The Strathcona Library had two books on falconry. I signed both out, though one of them – The Sport of Kings – was just a bunch of black-and-white pictures. It was a warm Saturday so I kept my bike locked up, bought a lemonade from the farmers’ market and lay on the grass that smelled like armpits in Gazebo Park, learning how to train a large powerful bird so it would fly around killing things for you.
No one had killed my dad. I already knew it and Ricky knew it too, and, when we had joined the searches through the valley, we heard it from strangers. My mom didn’t join the searches. She wanted the police to assign a homicide investigator to the case. When they told her it didn’t fit, that it wasn’t a homicide, she wrote letters to the chief and to the mayor and to the commissioner. At first, the television stations and the newspapers were happy to speak with my mom, but then they wouldn’t return her phone calls or print her letters. My dad’s disappearance had been news in March, and then it was news again in early May when we had an awful memorial service for him, but it wasn’t news in June.

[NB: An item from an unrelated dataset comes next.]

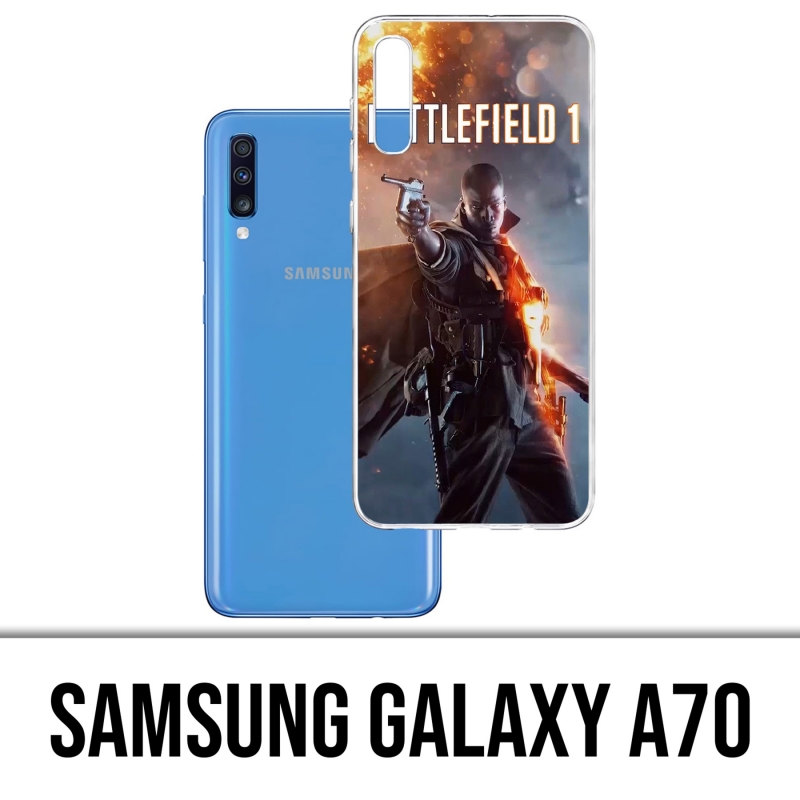 Funda Samsung Galaxy A70 - Battlefield 1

On the grass, that warm Saturday, I knew why my mom wanted a peregrine falcon on her arm. And I vowed to get one for her. I biked home and found, in the phone book, a number for the “Falconers Association of Alberta.” I prepared and called the number. A man answered on the third ring, cleared his throat in my ear, and said, “Yeah, this is Steve.”
I had written out what I wanted to say:
Hello Sir/Madame. My name is Katherine Flynn. I am phoning with an entreaty because I believe my mother has a strong desire to become a falconry enthusiast. Perhaps there is a store or a farm where I could buy her a peregrine falcon, a barn owl or a common buzzard.
Some time passed, after I delivered my introduction. Steve sniffed once, and breathed. Then he asked a question I had not prepared to answer: “Why?”
The library books were on the kitchen table. “Well. For one thing, it’s the sport of kings.”